• **EXERCISE MATERIAL**
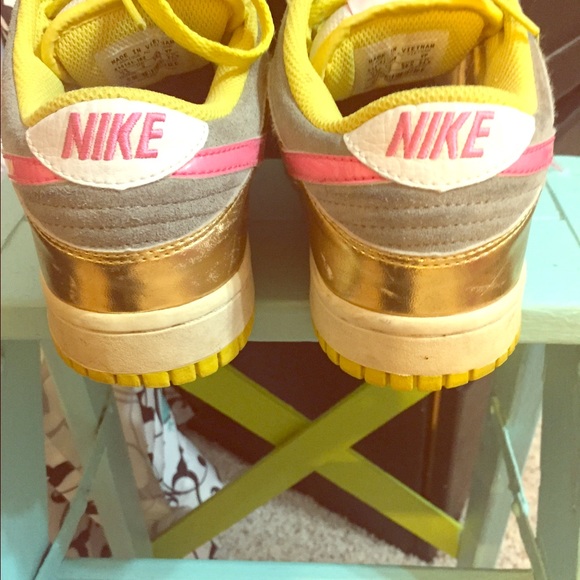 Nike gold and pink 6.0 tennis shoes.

==

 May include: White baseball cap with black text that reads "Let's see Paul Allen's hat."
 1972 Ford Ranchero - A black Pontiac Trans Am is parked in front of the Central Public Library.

• **WHAT TO PRODUCE**
State the number of lines above that include "black", and nothing further.

• **ANSWER FOR THE TASK**
2